State Management with Database or Cache:
- Implement a state management system using a database or cache (like Cloud Firestore or Cloud Memorystore).
- When your Cloud Run service receives an event, it should first record the event details and its processing state in the database/cache.
- After recording the state, immediately respond with a 2xx status code to acknowledge the event to Pub/Sub.
- Continue processing the event asynchronously. Once the processing is complete, update the state in the database/cache.
Cloud Tasks for Deferred Processing:
- Instead of using Pub/Sub for the second stage of processing, use Google Cloud Tasks.
- Upon receiving the event, your Cloud Run service should quickly create a task in Cloud Tasks and return a 2xx status code to acknowledge the event to Pub/Sub.
- Cloud Tasks can then trigger another Cloud Run service or Cloud Function to handle the actual processing. This service can have a longer timeout, and Cloud Tasks allows for flexible scheduling and retry policies.
Optimize Processing Time:
- While this might not always be feasible, look for ways to optimize the processing logic to complete within the Pub/Sub acknowledgment window.
- Consider parallelizing the workload, optimizing algorithms, or preprocessing data to reduce processing time.
Hybrid Approach with Event-Driven and Scheduled Jobs:
- Use the initial Cloud Run service to handle quick tasks and immediate acknowledgments.
- For longer-running tasks, schedule them as jobs (using Cloud Scheduler or a similar tool) to be processed independently by another Cloud Run service or Cloud Function.

The choice of strategy will depend on the specifics of your workload and the architectural changes you're willing to make.

henry-lxagroup

@ms4446, can you help to confirm that the "Acknowledgement deadline" set on the Pubsub push subscription is actually honoured by the call?
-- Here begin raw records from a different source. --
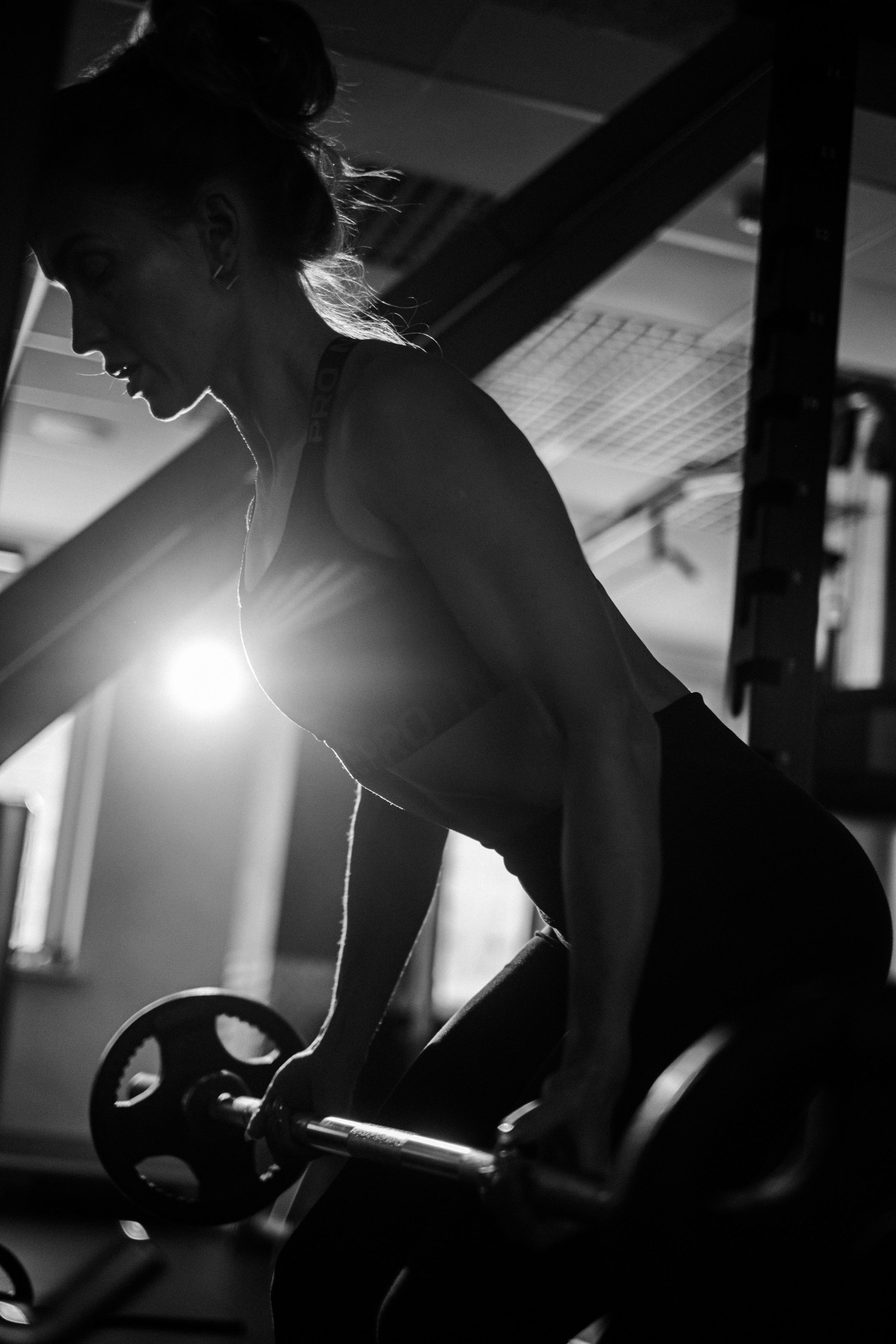 Фотосессия в тренажерном зале: Новосибирск | Спортивная съемка. Ксения Ильиных — Фотограф в Новосибирске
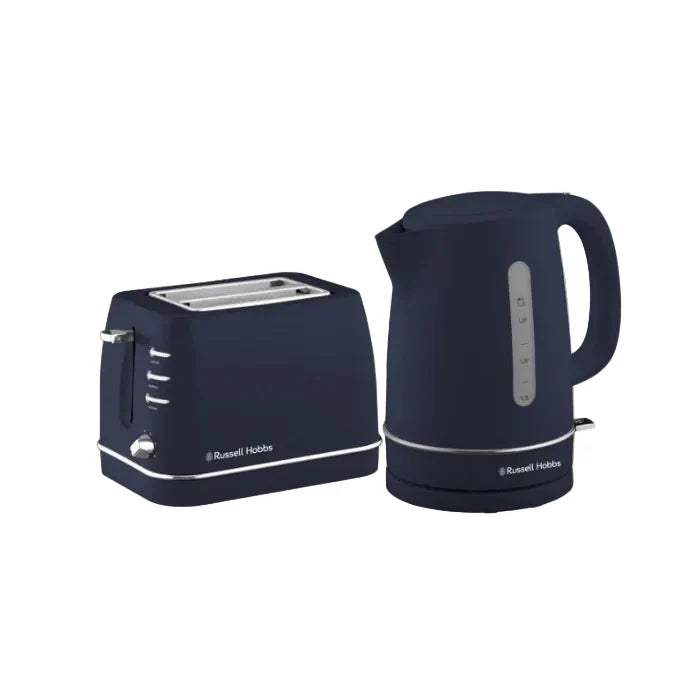Russell Hobbs 2 Piece Navy Royal Kettle Pack RHPRP-6B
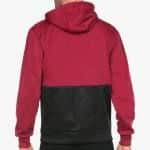 Sudadera Bullpadel Imbui Vino Burdeos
Extending the deadline doesn't seem to take any effect.

henry-lxagroup

Just want to share my finding. When I created an eventarc trigger with a pubsub destination, the acknowledgement deadline of the push subscription, once created, it can't be adjusted, even though I tried modifying the push subscription directly. It seems the eventarc hardcode the ack deadline somehow, i.e. 10 secs.

When I changed to manually creating the push subscription myself (without eventarc), the acknowledgement deadline can actually be extended to a longer duration.